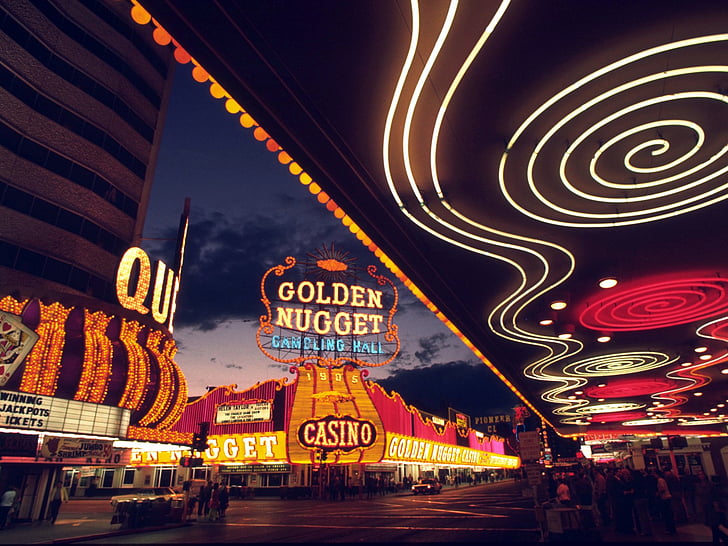 Golden Nugget Casino sign at night time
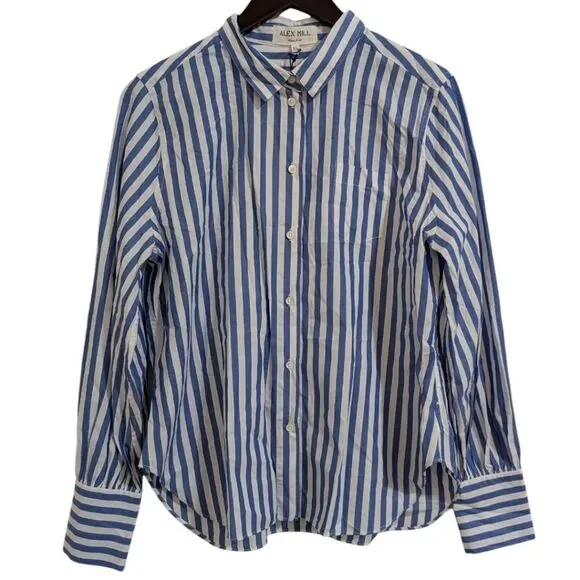 Alex Mill James Shirt in Bold Stripe - Blue/White Button-Up - Womens Size XL NWT - Picture 4 of 10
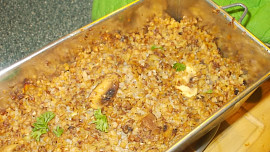 Houbový kuba z pohanky - podle receptu  "Černý Kuba"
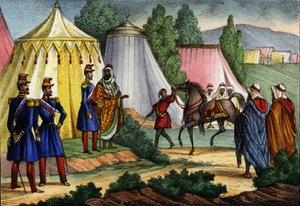 Arab vezető lovat kínál az afrikai francia hadsereg egyik tisztjének, Algériának alkotó: Unknown artist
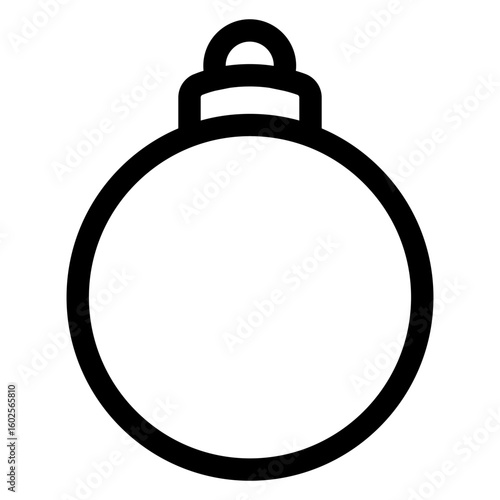 Decoración de Navidad. Icono con silueta de bola de navidad con líneas para tarjetas y felicitaciones
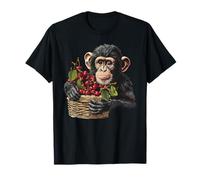 Cherry Monkey Cherry Fruit Animal Art Motif Singe Amoureux T-Shirt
++++++
Exercise details
Retype exactly, and only, the lines from the one containing "Decoración de Navidad." through the end of the material, leaving aside every picture.

Solution for this task
 Decoración de Navidad. Icono con silueta de bola de navidad con líneas para tarjetas y felicitaciones
 Cherry Monkey Cherry Fruit Animal Art Motif Singe Amoureux T-Shirt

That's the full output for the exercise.